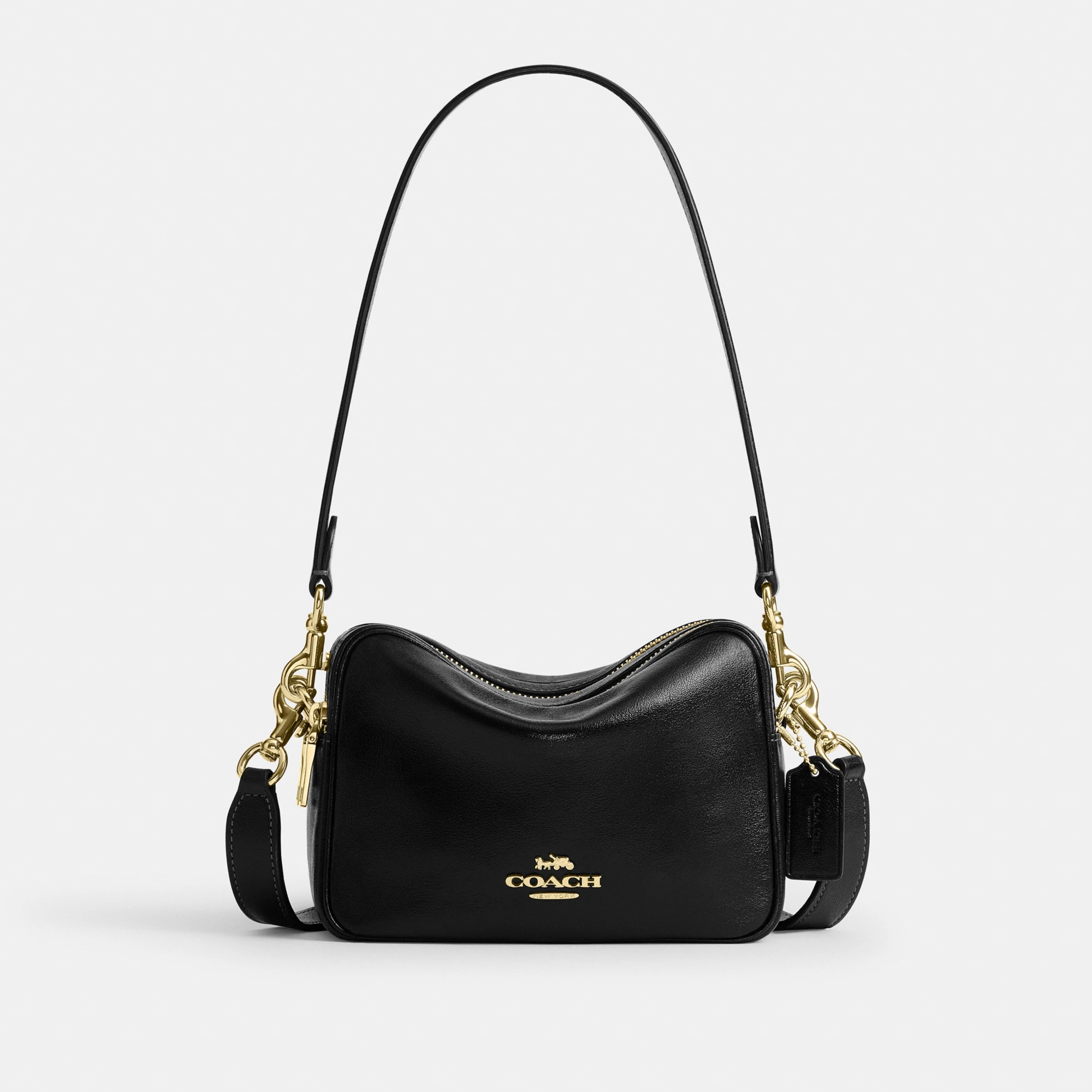 COACH®,Mini Carey Crossbody Bag,Leather,Recycled Polyester,Crossbody,Logo,Metal,Casual,Black,Front View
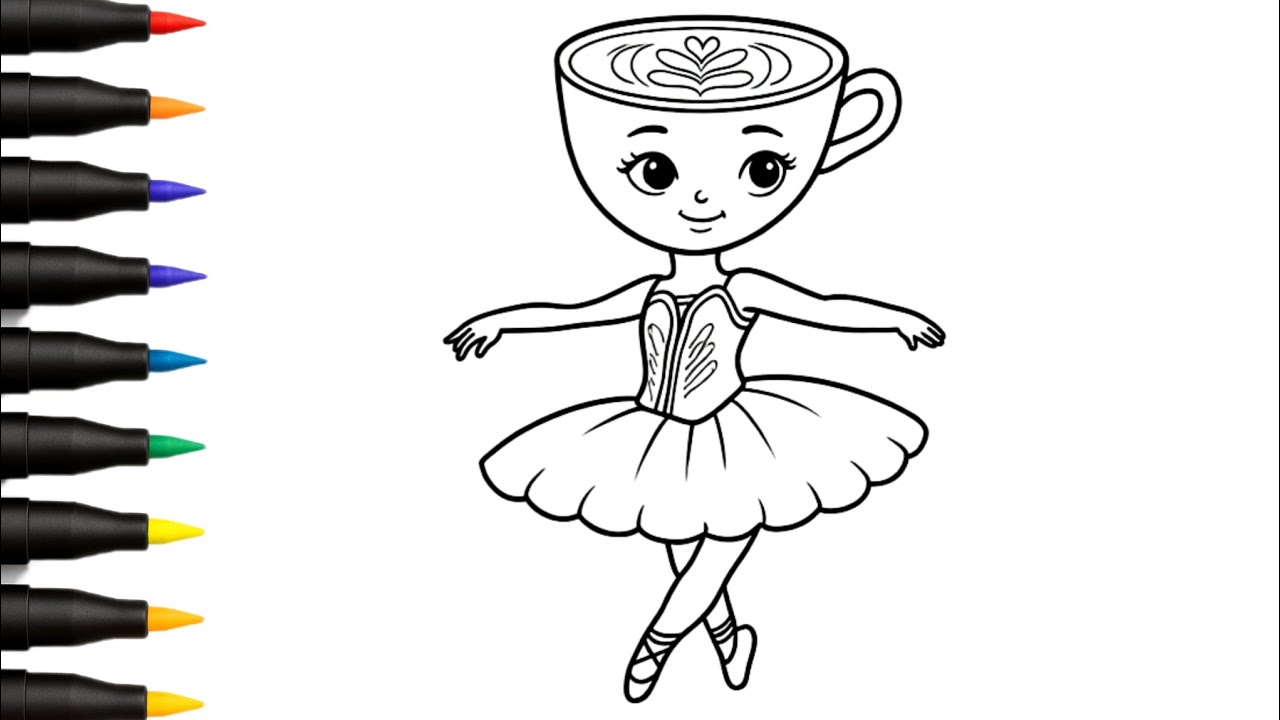 How to Draw a Cute Ballerina Cappuccina | Cute Ballerina Cappuccino Drawing Step by Step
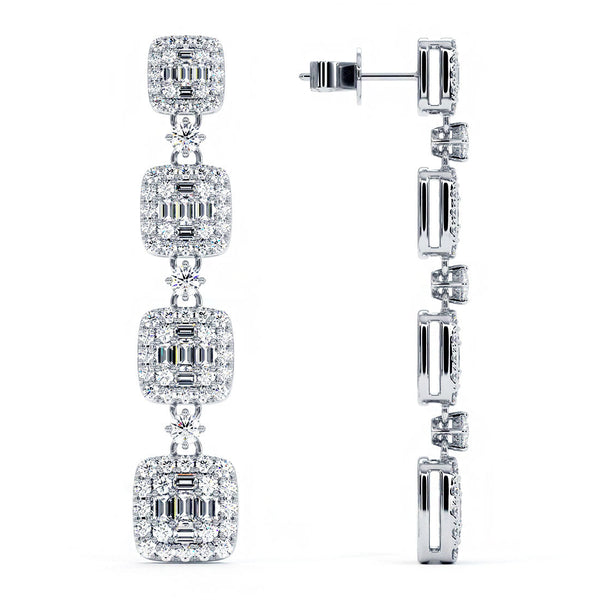 2.95 Carat F-VS Dangling Diamond Earrings set in 14k White Gold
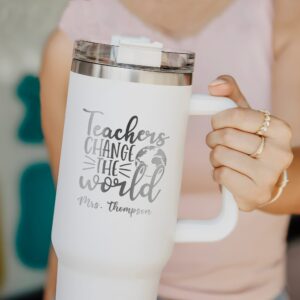 personalized 40 oz laser engraved teacher tumbler custom best teacher ever design unique christmas halloween gift appreciation cup tjpaw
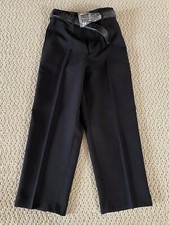 NWT Boy's Victorio Cuture Black Flat Front Dress Pants Slacks w/ Belt SIZES 4-7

◇ ◇ ◇ ◇ ◇ ◇ ◇

● **Exercise requirements**:
Beginning at the line that contains "2.95 Carat F-VS", transcribe it and every later line through the last line of the data above, exactly, and drop the pictures.

● **Response to the task**:
 2.95 Carat F-VS Dangling Diamond Earrings set in 14k White Gold
 personalized 40 oz laser engraved teacher tumbler custom best teacher ever design unique christmas halloween gift appreciation cup tjpaw
 NWT Boy's Victorio Cuture Black Flat Front Dress Pants Slacks w/ Belt SIZES 4-7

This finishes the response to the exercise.